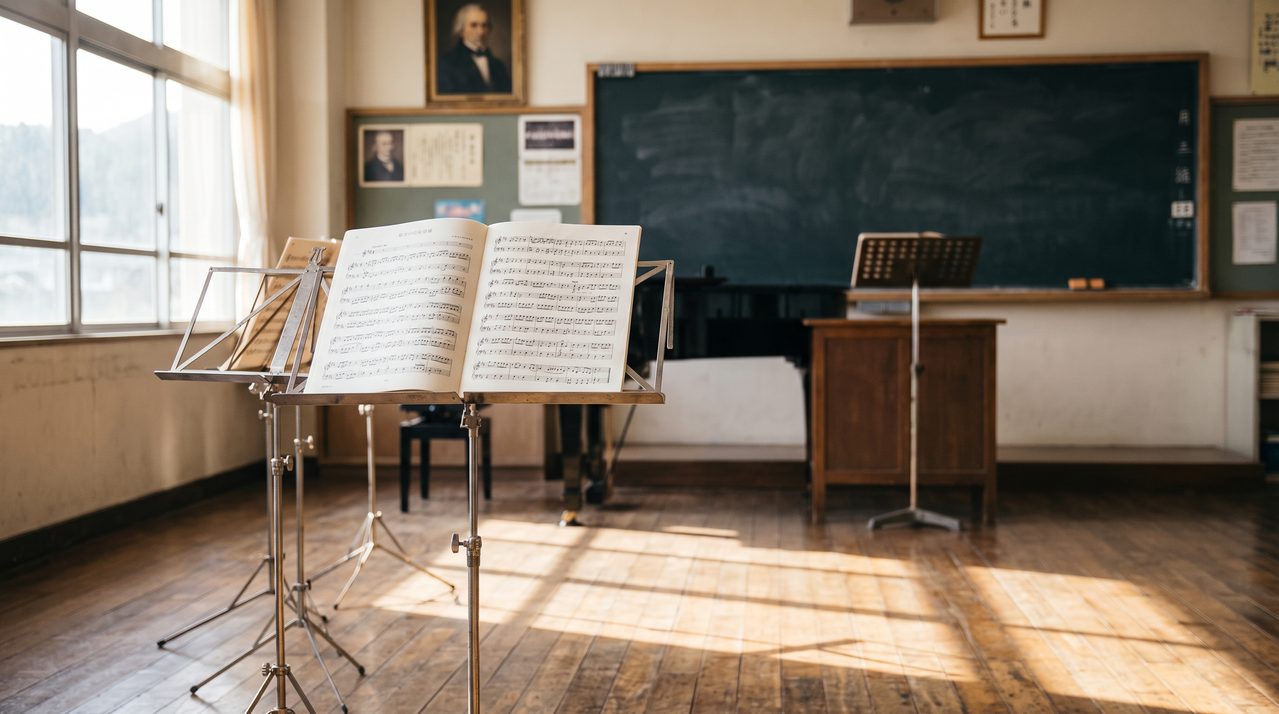 音楽室の黒板の前に、複数の楽譜がスタンドに立てかけられている様子。楽譜は白黒で、音符の形は見えるが具体的な文字は読めない程度にぼかす。スタンドの脚や黒板の木目、床の反射光を自然に描き、静かな放課後の雰囲気。物の配置だけで「準備が整った」感じを出す。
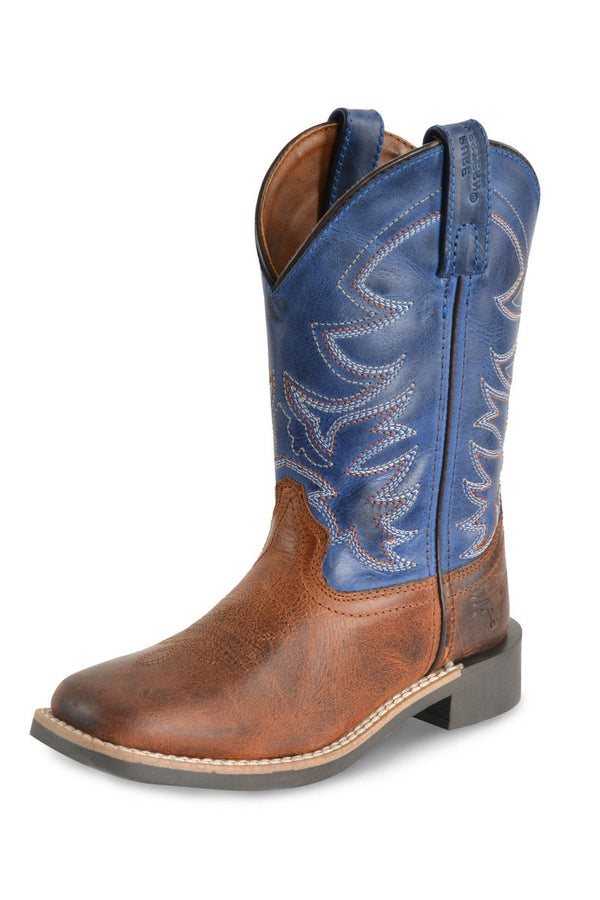 Pure Western - Children - High Top Boot (C) - Judd ~ Rust/Oil Blue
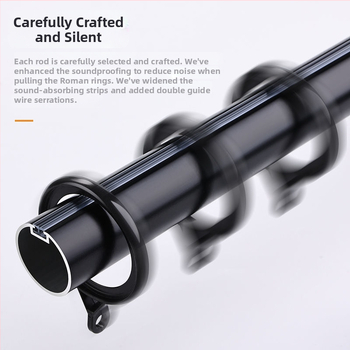 Aliuminio lydinio užuolaidų laikikliai vienguboms ir dviguboms strypams | tylus slydimo mechanizmas | modernus minimalistinis stilius | pritaikoma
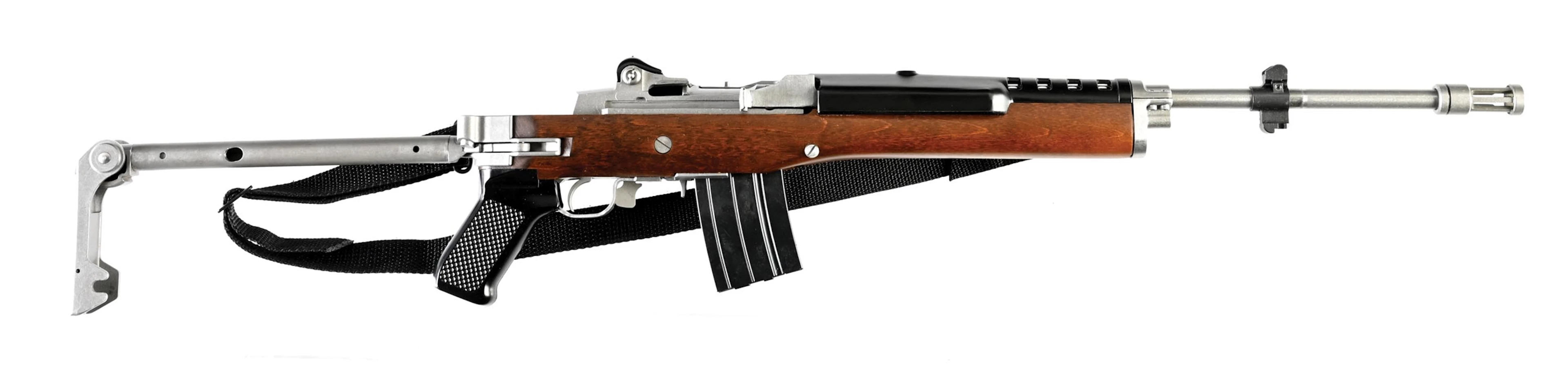 (M) RUGER MINI-14 GB FOLDER SEMI-AUTOMATIC RIFLE WITH BOX.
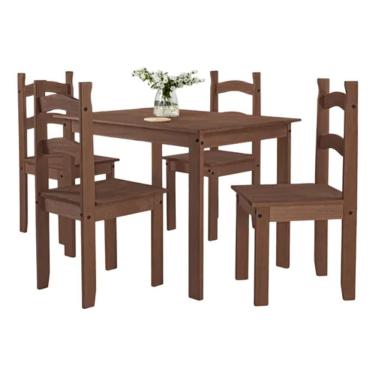 Imagem de Conjunto de Mesa com 4 Cadeiras de Madeira Pinus Desmontável Soho
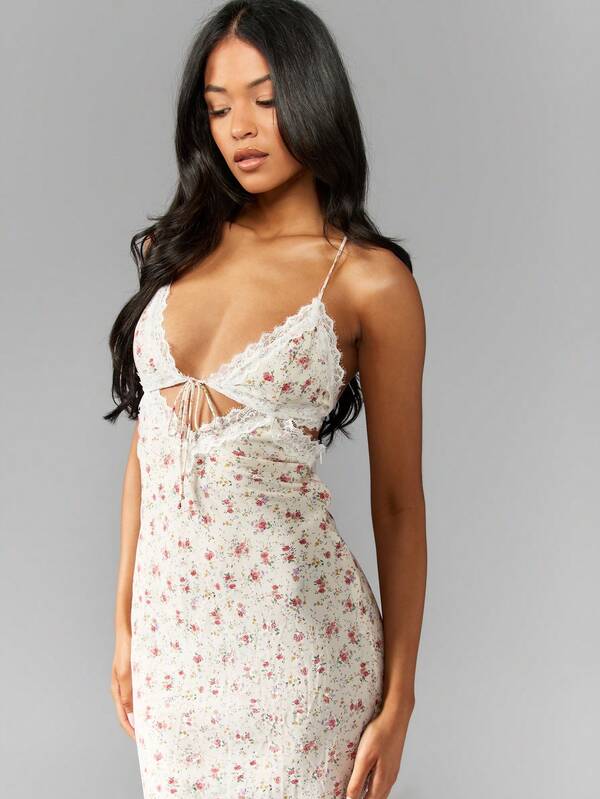 Missguided MISSGUIDED Women Sleeveless Maxi Dress With Floral Lace Trim Cross Back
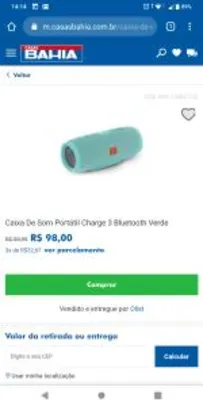 Caixa De Som Portátil Charge 3 Bluetooth Verde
◆ ◆ ◆ ◆ ◆ ◆ ◆
Restate it all word for word: every record, no pictures.

 音楽室の黒板の前に、複数の楽譜がスタンドに立てかけられている様子。楽譜は白黒で、音符の形は見えるが具体的な文字は読めない程度にぼかす。スタンドの脚や黒板の木目、床の反射光を自然に描き、静かな放課後の雰囲気。物の配置だけで「準備が整った」感じを出す。
 Pure Western - Children - High Top Boot (C) - Judd ~ Rust/Oil Blue
 Aliuminio lydinio užuolaidų laikikliai vienguboms ir dviguboms strypams | tylus slydimo mechanizmas | modernus minimalistinis stilius | pritaikoma
 (M) RUGER MINI-14 GB FOLDER SEMI-AUTOMATIC RIFLE WITH BOX.
 Imagem de Conjunto de Mesa com 4 Cadeiras de Madeira Pinus Desmontável Soho
 Missguided MISSGUIDED Women Sleeveless Maxi Dress With Floral Lace Trim Cross Back
 Caixa De Som Portátil Charge 3 Bluetooth Verde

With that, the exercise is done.